I’m both adopted and a birth mom. I always knew I was adopted — I think many things are much easier to tell a child if you make it a fact of life from the time they are born. I think it would be absolutely wrong to hide the fact that a child is adopted and not tell them until age 21, when it would definitely be much harder to tell. I believe adopted children have a right to know from the start, and should have a right to all information about the birth family. Secrets are never a good thing.
Maggie
I am a “BirthMom” and I got to say that “SECRETS” only HURT and “LIES” have a way of comming out!
BE HONEST!!!
WHY would one NOT tell IF there is NO “SHAME” involved in the TRUTH!??
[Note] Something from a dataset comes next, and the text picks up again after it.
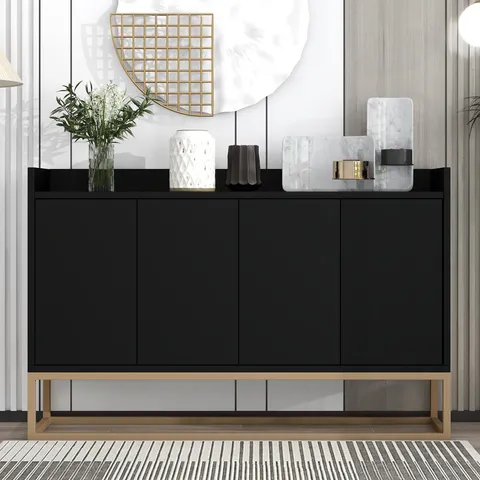 This sideboard buffet cabinet features a black cabinet body with gold metal legs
I was told the day I met my daughters adoptive parents that the “TRUTH WILL BE KNOWN” and I PRAY it isen’t when she is 21 either for that is NOT fair to her, to me or anyone involved!
HONESTLY…WHY WAIT!??
WHY HIDE THE TRUTH???
FOR WHAT???
I never agreed to hide the truth about my brother being adopted. Both my parents forced me to lie from day 1 (I was only 15 years old). Only a few days ago, he found out in an abrupt way, it was not done maliciously, but still it hurt him and now I feel helpless. He is 27 now. I don’t know what to do, I am so hurt as well. He doesn’t want to talk to me yet, he asked me to give him time to be alone and process what he just found out. I truly believe in telling the truth from the beginning, is much better than the risk of the child finding out the way my brother did. I feel awful!